UNASSIGNED: A retrospective study of 422 ischemic stroke patients (April 2020 - December 2021) from Chongqing Medical University\'s First Affiliated Hospital was conducted, with patients divided into training (n=295) and validation (n=127) groups. Data on demographics, comorbidities, stroke risk factors, and lab results were collected. Stroke severity was assessed using NIHSS, and stroke types were classified by TOAST criteria. Least absolute shrinkage and selection operator (LASSO) regression was employed for predictor selection and nomogram construction, with evaluation through ROC curves, calibration curves, and decision curve analysis.

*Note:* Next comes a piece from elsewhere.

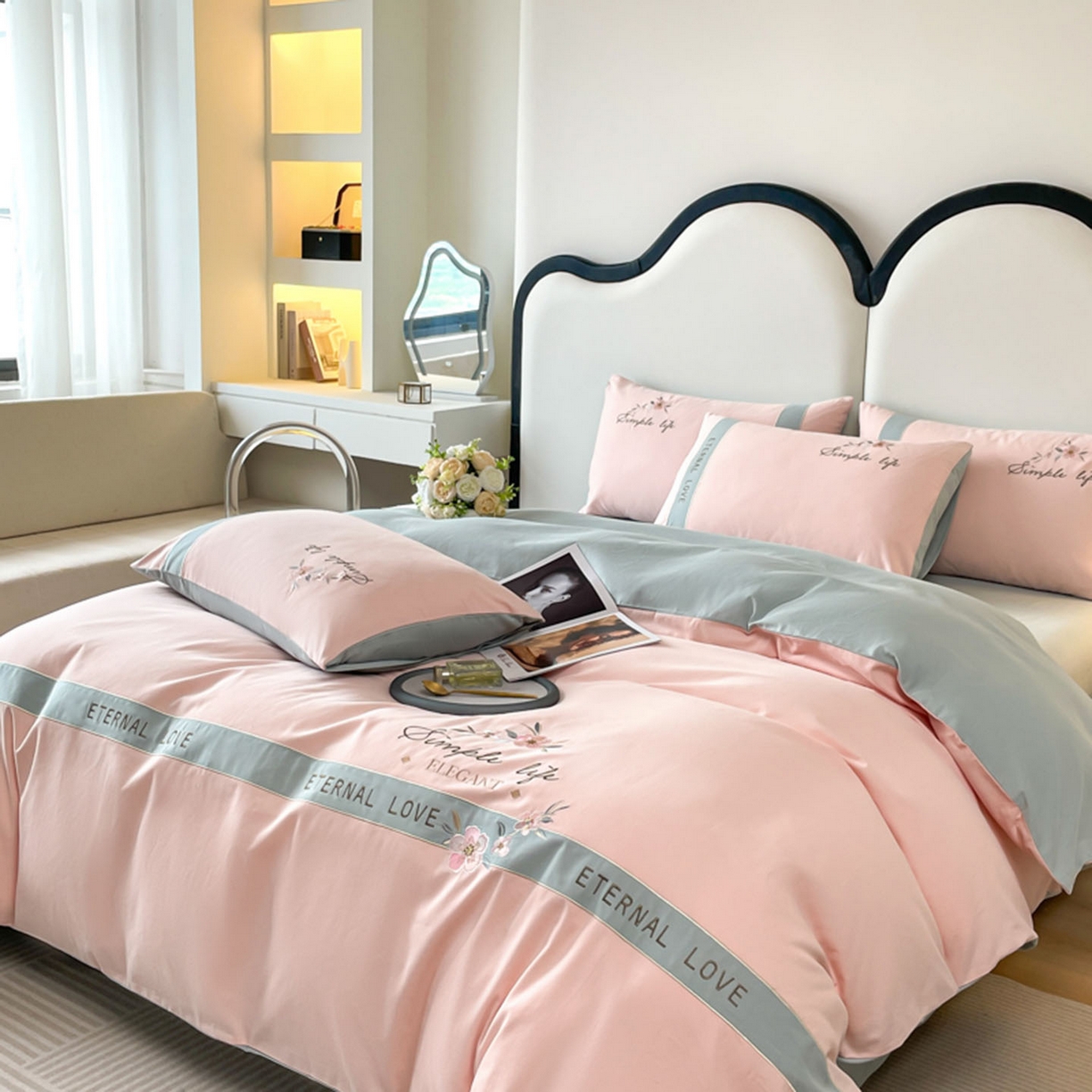 91家纺网 家纺一手货源 找家纺 欣宜家纺 2025年秋冬新款纯棉全棉长绒棉磨毛不掉毛刺绣款绣花四件套-送高档礼盒 斯嘉丽-轻奢粉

UNASSIGNED: LASSO regression and multivariate logistic regression identified four independent IHM predictors: age, admission NIHSS score, chronic obstructive pulmonary disease (COPD) diagnosis, and white blood cell count (WBC). A highly accurate nomogram based on these variables exhibited excellent predictive performance, with AUCs of 0.958 (training) and 0.962 (validation), sensitivities of 93.2% and 95.7%, and specificities of 93.1% and 90.9%, respectively. Calibration curves and decision curve analysis validated its clinical applicability.

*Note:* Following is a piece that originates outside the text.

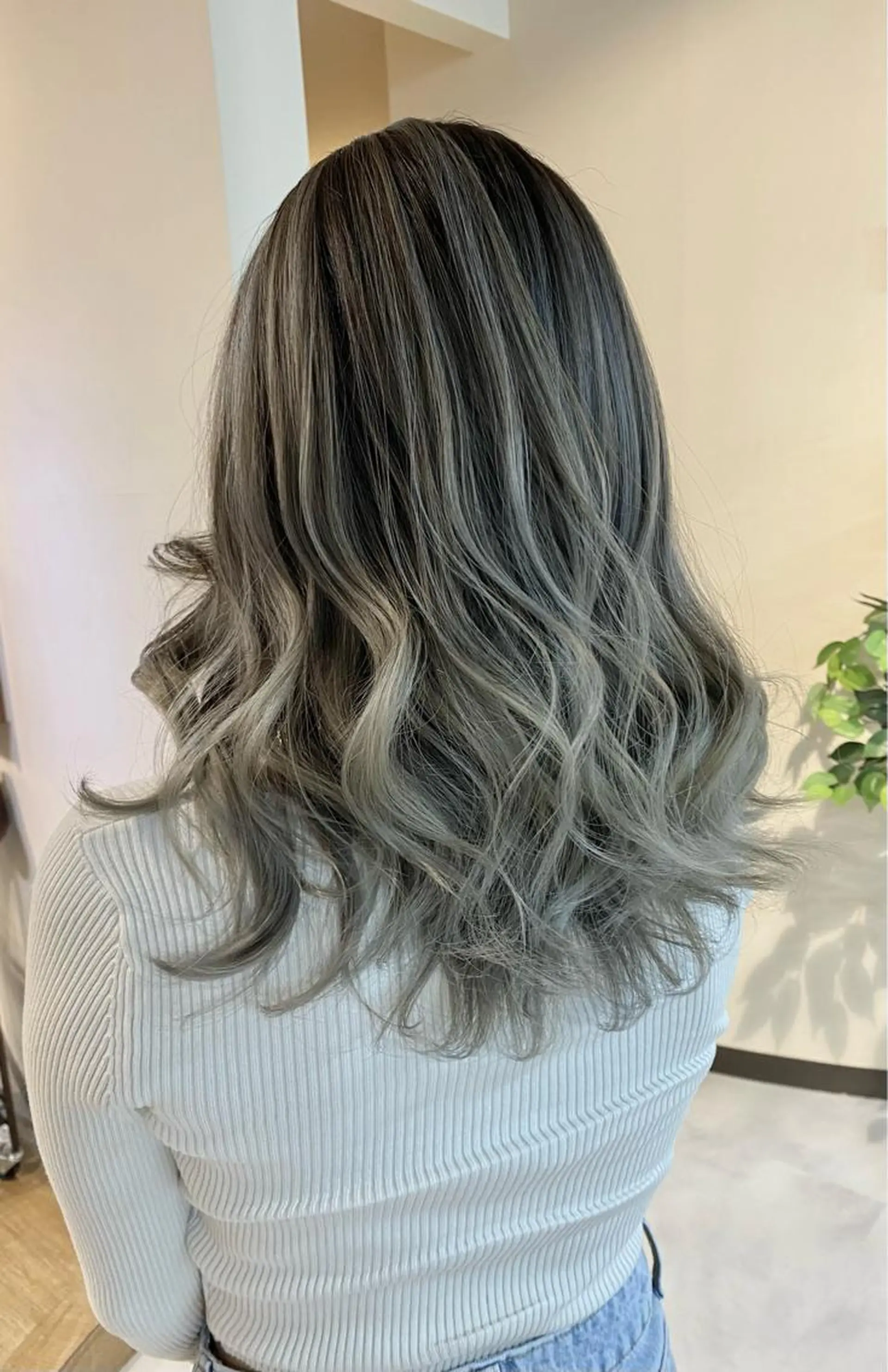 セミロング カラー バレイヤージュ レイヤーカット 白髪ぼかし バレイヤージュ志鎌のヘアスタイル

UNASSIGNED: Age, admission NIHSS score, COPD history, and WBC were identified as independent IHM predictors in ischemic stroke patients. The developed nomogram demonstrated high predictive accuracy and practical utility for mortality risk estimation. External validation and prospective studies are warranted for further confirmation of its clinical efficacy.
■对重庆医科大学附属第一医院422例缺血性脑卒中患者(2020年4月至2021年12月)进行了回顾性研究,患者分为训练组(n=295)和验证组(n=127)。人口统计数据,合并症,卒中危险因素,并收集了实验室结果。使用NIHSS评估卒中严重程度,卒中类型按TOAST标准进行分类。最小绝对收缩和选择算子(LASSO)回归用于预测因子选择和列线图构建,通过ROC曲线进行评估,校正曲线,和决策曲线分析。

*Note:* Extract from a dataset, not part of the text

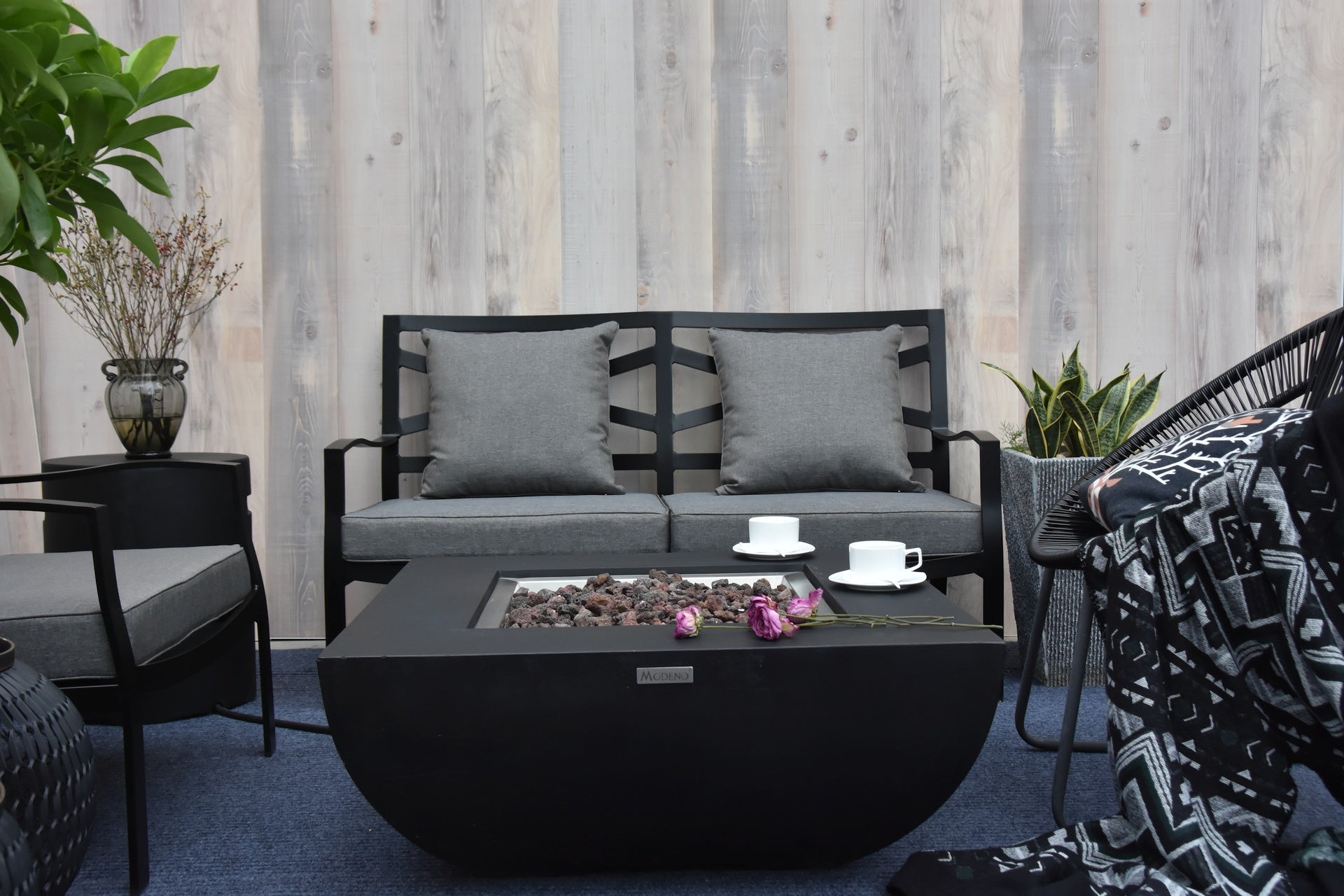 Aurora_Feuertisch_Outdoor_Garten_Gartenmoebelshop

■LASSO回归和多变量逻辑回归确定了四个独立的IHM预测因子:年龄,入学NIHSS成绩,慢性阻塞性肺疾病(COPD)诊断,和白细胞计数(WBC)。基于这些变量的高度精确的列线图表现出出色的预测性能,AUC为0.958(训练)和0.962(验证),灵敏度为93.2%和95.7%,以及93.1%和90.9%的特异性,分别。校准曲线和决策曲线分析验证了其临床适用性。
■年龄,入学NIHSS成绩,COPD病史,和WBC被确定为缺血性卒中患者的独立IHM预测因子。所开发的列线图显示出高预测准确性和用于死亡率风险估计的实用性。需要外部验证和前瞻性研究以进一步确认其临床疗效。